RE3: Model Application, Validation and Development
Lead: Hai Huang (INL)
Participants: Luanjing Guo (INL), Zhijie Xu (currently at PNNL), Alexandre Tartakovsky (PNNL)
Computer simulations are mainly used to test our understanding of the complex interactions occurring at various scales – from pore to continuum – between fluid flow, transport, reactions, and changes in media properties in porous media that will be investigated in the RE1 experiments. Pre-experimental simulations are also extremely valuable for developing testable hypotheses and constructing experiments.
1. Simulations at pore-scale are conducted to study the interaction between mineral precipitation and changes in porosity/permeability. Both phase field and level set methods have been used.
1) Phase field
Figure Precipitation initiated from a solid seed with far-field concentration 0.5 (left), and precipitation in solid pipe with a fixed center concentration 0.5 showing the clogging effect (right); red - reactive fluid phase, blue - solid phase.
2) Level set
||Figure Upscaling results of relationship between permeability and porosity from pore-scale reactive flow simultaions with corresponding fracture and/or porous medium geometries for arious flow and reaction regimes.

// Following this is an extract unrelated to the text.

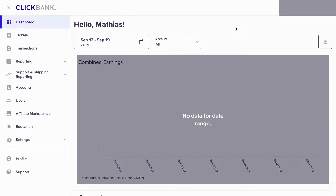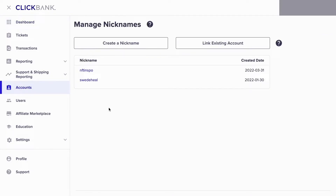What I'm going to do first is go into ClickBank and log into my ClickBank account. When I have logged in, I should be taken to this page right here. What I'm going to do now is click where it says Accounts, and in here you should be able to see all of your affiliate accounts on ClickBank.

Black - diffusion dominated and slow reaction; blue - advection dominated and fast reaction; red - diffusion dominated and fast reaction.|
1. Codes available
TOUGHREACT (multi-phase reactive transport simulator, LBNL) and STOMP (Subsurface Transport Over Multiple Phases, PNNL) have initially been adopted and applied to SFA program. They have been applied to conducting preliminary studies on parallel injection experiment, and on in situ reactant generation experiments (see Program Overview page). Selected Results are shown below.
Figure TOUGREACT simulation of calcite precipitation by parallel injection of reactant solutions.
Figure Conceptual model of urea injection into a physically and chemically heterogeneous porous media; and STOMP simulation results of flow paths and temporal and spatial distributions of calcite precipitation.
2. Code developed
RAT (ReActive Transport) simulator has been developed as part of the modeling effort of INL SFA project. It has several advantages over the conventional simulators: 1) massive parallelism and scalability; 2) fully-coupled solution approach (JFNK) suitable to the engineering systems that our SFA is focused on; and 3) adaptive mesh refinement. The simulator has been applied to investigate the in situ production experiment campaign. Selected results are shown below.
Figure Simulations of the distribution of calcium carbonate precipitates along the column. The color shows the increase in the amount, and the solid lines show the temporal distribution of precipitates.
Figure The comparison between RAT simulations and experimental measurements of the species concentration profiles for the column test of ureolytical calcium carbonate precipitation. Black line - simulation results, red dots - experimental data.